The Sahrawi Film School as Centerpiece
The Abidin Kaid Saleh Audiovisual School, born from FiSahara’s film workshops in 2011, will screen half a dozen films made by students that address critical issues for Sahrawi youth such as addiction (Imminent Danger). Recipient this year of the San Sebastian Human Rights Film Festival award, the school is now at the center of FiSahara’s team, organizing not just the annual festival on the ground but also year-round film screenings and discussions throughout the camps with the Solar Cinema Western Sahara project. In 2022, the school also pioneered the first-ever Sahrawi sitcom Juruchu Fulucho (Follies in Exile) whose wildly popular episodes use humour to critique the idiosyncrasies of Sahrawi society.
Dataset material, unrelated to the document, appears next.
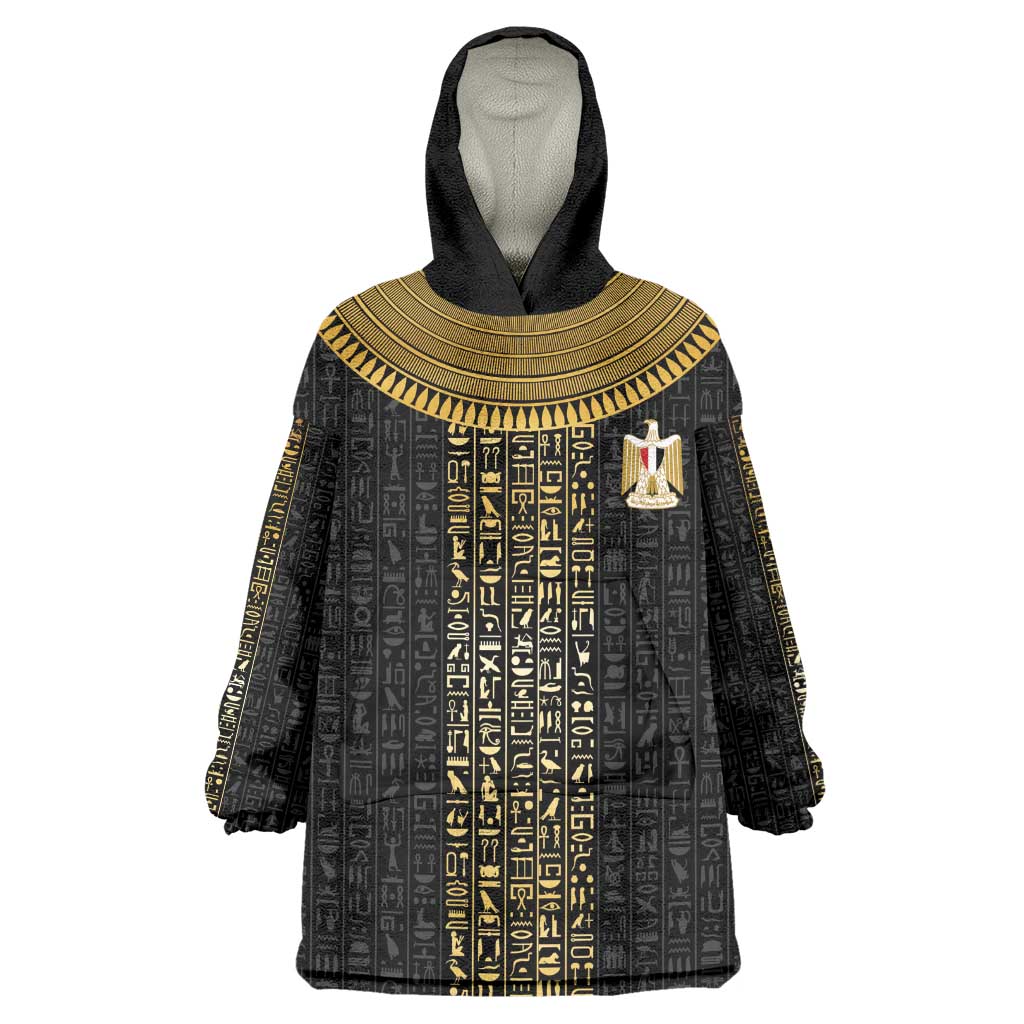 World Football 2026 Egypt Custom Wearable Blanket Hoodie Ancient Egyptian Hieroglyphs - African Pride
Solidarity around the world
On September 11, the International Day of the Girl, FiSahara will partner with the Bubisher community library network in the camps to hold simultaneous screenings of The Neighborhood Storyteller by Alejandra and Francisco Alcalá, the story of a young woman refugee from Syria who was married at 16 and is using reading and storytelling to empower adolescent refugee girls and prepare them for a better future.
FiSahara will hold the world premiere of Little Sahara, a short film by Emilio Martí made with the drawings and stories of Sahrawi schoolchildren from the Pioneers school during a human rights film workshop. Some of the children will attend this special screening and the festival will connect live with Help Me Please, a solidarity arts and culture festival in Granada (southern Spain) whose activities this year are raising funds for the Sahrawi film school.
FiSahara opens dozens of windows in festivals around the world with screenings and debates, in particular through its partnership with the Human Rights Film Network, with almost 50 member festivals all over the world..
More than film
FiSahara will also offer its trademark parallel activities include roundtables, the Le Frig arts and culture festival entirely organized by Sahrawi women that showcases Western Sahara’s rich cultural heritage including food, dance, cooking, storytelling and art, a concert of traditional Sahrawi music held at sunset in the sand dunes, a football match between locals and visitors as well as opening and awards ceremonies, with a live white camel as prize for the winning film.
In a press conference held in Madrid prior to the festival, María Carrión, FiSahara’s Executive Director, said that, “this edition is very special, FiSahara has survived economic, health and, war crises … is indestructible and it is thanks to the support of the world of Culture.” Carrión has highlighted how “colonialism used cinema as a propaganda of its invasion and now it is the Sahrawi people who use it to demand its decolonization.”
Actor and writer Carlos Bardem, who has attended the festival twice and whose brother, the actor Javier Bardem, made a film on Western Sahara after returning from FiSahara, congratulated FiSahara “for its resilience and ability to resist everything and everyone, and for its ability to open a space to get the information focus on this injustice suffered by the Sahrawi people for decades.” Actor Pepe Viyuela, recalled how “FiSahara was the way I had to approach Sahrawi reality and since then I have not been able to disconnect from this cause.”
Abdulah Arabi, the representative in Spain of the Polisario Front, the Sahrawi liberation movement, has described FiSahara as “a tool for the Sahrawi people to denounce the injustice that suffers and claims the only possible solution, decolonization, as international law demands.”